Monday, Nov. 29, 1976
Odds & Trends
Eggs on Edge. A good egg, concluded a former knitwear manufacturer in Miami, is a square egg. At least when it is hard-boiled and prone in its natural shape to roll across a plate. Thus Stan Pargman set up the Square Egg Co. to make a clear acrylic contraption that encases a cooked, peeled egg and, after ten minutes in a refrigerator, releases it reshaped. Is the world ready for it? Apparently Los Angeles is. When 1,000 of the gadgets went on sale in May Co. department stores there last month, they were snapped up in one day. A reorder of 5,000 went almost as quickly.
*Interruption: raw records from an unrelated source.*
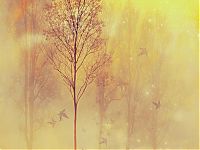Art & Creativity: autumn illustration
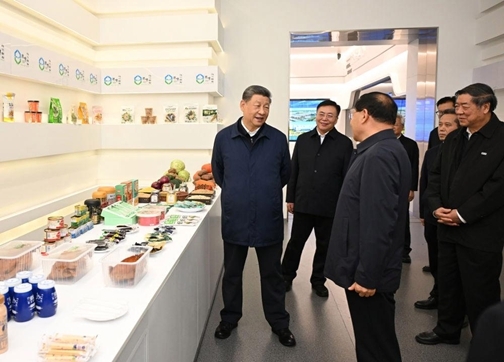 图片9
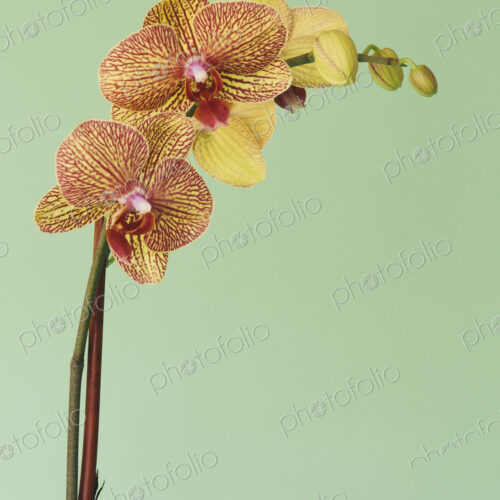 Blooming Phalaenopsis orchid flower with pink and yellow petals.
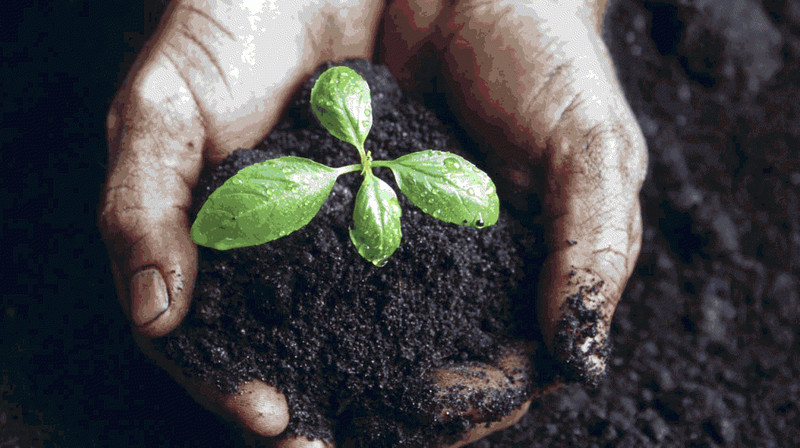 Правительство утвердило порядок определения ценности почв в Кыргызстане &mdash; Tazabek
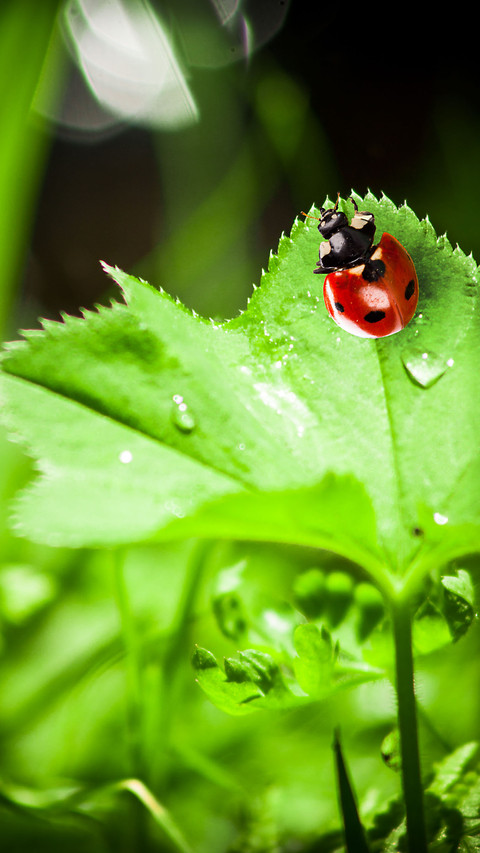 Color insects-05 preview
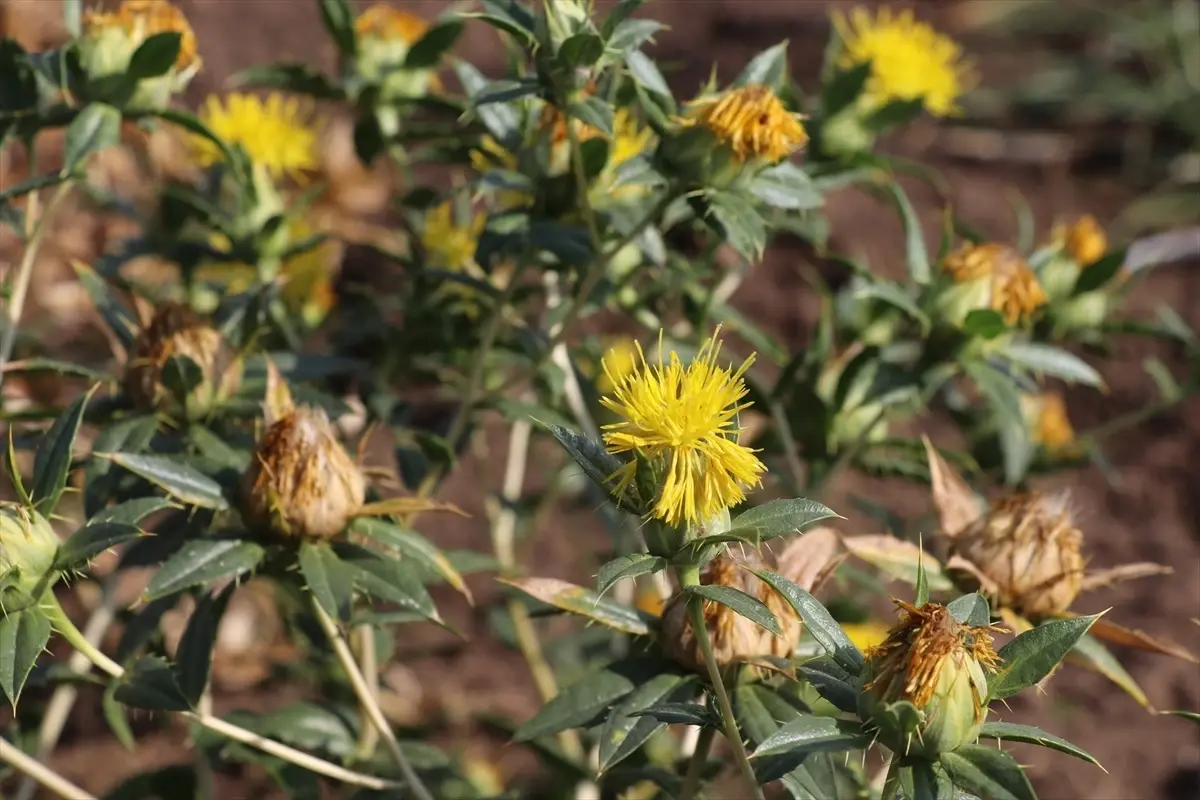 kocaeli universitesinde aspir bitkisi hasadi e1kWuNcv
The buyers did not seem to care that they could immobilize wandering egg-shaped eggs simply by cutting them in half --and still get a square meal.
Making Merry. With vodka having overtaken bourbon as the nation's best-selling liquor, the U.S. distributors of the famed Angostura bitters have marketed their first new product in 150 years: the Angostura Bloody Merry-Maker. Unlike the other Bloody Mary mixes that have long been available, Angostura's version is all additives, leaving the bartender to provide his own tomato juice and vodka. The idea behind the bottled blend of Worcestershire sauce, natural lemon flavor, bitters and spices is to let drinkers mix their Bloody Marys to taste. Each eight-fluid-ounce bottle ($1.60) can be used for up to 50 drinks --fewer, of course, if some like it hot.
Baubles That Blink. Elizabeth Taylor's jewels sparkle. Lou Rawls' pendant and Joe Frazier's sweater pins merely blink. The singer and former heavyweight boxing champion are early addicts of a new kind of costume jewelry that is fitted with special electronic circuits and powered by a hearing-aid battery. A small Phoenix company, H.A. Register, Inc., introduced the baubles last July, and has sold some 26,000 (retail price: $15). The blinking red lights are embedded in small, gold-colored trinkets, variously designed as traffic lights, question marks and Santa Claus, among other things. They can augment conversation. When a patron at the Phoenix Playboy Club asked a Bunny why the red light on her traffic-signal pendant, suspended above an intersection, was blinking, she sweetly responded: "Red means stop. Proceed with caution."